I’m a little ashamed to admit this, but I’d never seen a Woody Allen film before this week.
It’s not that I had purposely avoided the writer/director, but I hadn’t sought him out either. And then he brought me a combination I couldn’t say no to.
When I first saw the trailer for “Magic in the Moonlight,” I was intrigued. Not only did it have my new girl crush Emma Stone, but it had my longtime love Colin Firth. The latter stars as a magician and ultimate skeptic when it comes to anything beyond the reality he can see. Stone plays a psychic who becomes his target and must be debunked.
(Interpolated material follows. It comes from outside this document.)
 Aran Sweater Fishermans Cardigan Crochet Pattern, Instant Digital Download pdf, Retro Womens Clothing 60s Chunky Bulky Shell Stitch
Firth’s character Stanley is completely against the idea of a world beyond the one in which he lives. There is no afterlife, there are no spirits, and there is no God. For Stanley, what you see is what you get.
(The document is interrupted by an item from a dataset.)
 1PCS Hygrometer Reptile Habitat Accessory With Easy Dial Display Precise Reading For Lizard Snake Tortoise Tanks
Enter Sophie (Stone). She holds seances, predicts your future and generally tries to convince those around her that the world is full of magic and mystery. Stanley and Sophie clash repeatedly.
The more I watched, the more I pondered Allen’s stance on religion. It was pretty obvious from Stanley’s negative stance on life itself, Allen’s own bias had to play a part. For the record, Allen’s an atheist, so I was right.
Honestly, Stanley’s over-the-top curmudgeoness didn’t bother me. Firth has made a career playing similar characters. His lovable yet grumpy Englishman gets me every time. And Stone’s ability to play the quirky girl next door has made her a household name.
Unfortunately, the endearing nature that has always drawn me to both actors wasn’t there for this one. For the most part, it felt like both were simply speaking lines from a page rather than telling a story. I’m not sure the blame lies with them or with Allen.
There was so much potential here. A magician, whose entire career is based in trickery, taking it upon himself to prove someone else a fraud. Make both characters stubborn, full of life and amusing. Throw in a little reluctant romance. It should have worked.
And yet it didn’t.
Stone and Firth had a definite lack of chemistry. It could be blamed on the lackluster relationship written for the two. As Stanley tries to catch Sophie in a lie, the “connection” between the duo grows. Or it’s supposed to. Frankly, their banter seems flat and their friendship forced.
Maybe it was the fact that I couldn’t get past the age differences between our two leads. Firth is 53, while his leading lady is a mere 25. Stone’s youth was accentuated by the lack of makeup her character wears, and she looked much younger than 25. I couldn’t help but think how Firth is more than old enough to be her father.
Their relationship wasn’t the only one that seemed ridiculous. We meet Stanley’s fiancee, Olivia, briefly in an early scene that seems randomly placed. I’m pretty certain it’s only a filler to let us know he does, indeed, have a fiancee.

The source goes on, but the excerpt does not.